3.2 Compile action client
In the previous section, we put the action client code in place. In order for it to compile and run, we need to do a few extra things.
First we need to set up CMakeLists.txt in order to compile the action client. Open action_tutorials_cpp/CMakeLists.txt
and add the following after calls find_package
:
add_library(action_client SHARED src/fibonacci_action_client.cpp) target_include_directories(action_client PRIVATE $<BUILD_INTERFACE:${CMAKE_CURRENT_SOURCE_DIR}/include> $<INSTALL_INTERFACE:include>) target_compile_definitions(action_client PRIVATE "ACTION_TUTORIALS_CPP_BUILDING_DLL") ament_target_dependencies(action_client "action_tutorials_interfaces" "rclcpp" "rclcpp_action" "rclcpp_components") rclcpp_components_register_node(action_client PLUGIN "action_tutorials_cpp::FibonacciActionClient" EXECUTABLE fibonacci_action_client) install(TARGETS action_client ARCHIVE DESTINATION lib LIBRARY DESTINATION lib RUNTIME DESTINATION bin)
Now we can compile the package.

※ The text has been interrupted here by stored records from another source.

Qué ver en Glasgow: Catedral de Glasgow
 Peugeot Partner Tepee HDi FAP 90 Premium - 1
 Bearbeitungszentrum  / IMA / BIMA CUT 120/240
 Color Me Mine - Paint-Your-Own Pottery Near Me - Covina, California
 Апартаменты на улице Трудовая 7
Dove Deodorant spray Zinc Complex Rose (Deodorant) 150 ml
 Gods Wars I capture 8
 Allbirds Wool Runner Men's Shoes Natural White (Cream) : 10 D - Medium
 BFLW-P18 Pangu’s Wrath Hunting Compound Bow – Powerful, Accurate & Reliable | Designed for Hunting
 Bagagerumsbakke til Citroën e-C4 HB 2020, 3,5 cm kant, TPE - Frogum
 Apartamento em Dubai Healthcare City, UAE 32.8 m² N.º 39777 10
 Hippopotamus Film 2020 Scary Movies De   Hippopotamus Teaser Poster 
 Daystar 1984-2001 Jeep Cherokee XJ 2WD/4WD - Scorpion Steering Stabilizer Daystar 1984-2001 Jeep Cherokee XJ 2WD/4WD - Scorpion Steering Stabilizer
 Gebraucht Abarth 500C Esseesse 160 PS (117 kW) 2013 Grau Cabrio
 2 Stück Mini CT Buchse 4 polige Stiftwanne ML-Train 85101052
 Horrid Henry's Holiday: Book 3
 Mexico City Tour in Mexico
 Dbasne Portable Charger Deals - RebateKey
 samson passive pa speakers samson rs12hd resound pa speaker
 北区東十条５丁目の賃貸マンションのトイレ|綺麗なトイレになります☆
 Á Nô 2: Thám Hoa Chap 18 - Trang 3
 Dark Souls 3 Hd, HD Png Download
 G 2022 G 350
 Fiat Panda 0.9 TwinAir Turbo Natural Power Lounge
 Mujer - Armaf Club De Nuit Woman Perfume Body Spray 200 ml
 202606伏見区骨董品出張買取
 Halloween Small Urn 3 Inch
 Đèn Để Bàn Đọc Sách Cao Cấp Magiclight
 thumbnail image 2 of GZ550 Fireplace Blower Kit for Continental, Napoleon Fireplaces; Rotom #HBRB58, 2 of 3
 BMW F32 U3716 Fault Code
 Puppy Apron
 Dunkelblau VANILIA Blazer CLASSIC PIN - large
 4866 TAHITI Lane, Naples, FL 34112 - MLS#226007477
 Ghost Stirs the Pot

Go to the top level of action_ws
, and run:
colcon build
This should compile the entire workspace, including fibonacci_action_client
packages action_tutorials_cpp
.
3.3 Run action client
Now that we have built the action client, we can run it. First make sure the action server is running in a separate terminal. Now get the workspace we just built ( action_ws
) and try running the action client:
ros2 run action_tutorials_cpp fibonacci_action_client
You should see a logging message that the goal was accepted, feedback being printed, and the final result.
generalize
In this tutorial, you put together a C++ action server and action client line-by-line and configured them to exchange goals, feedback, and results.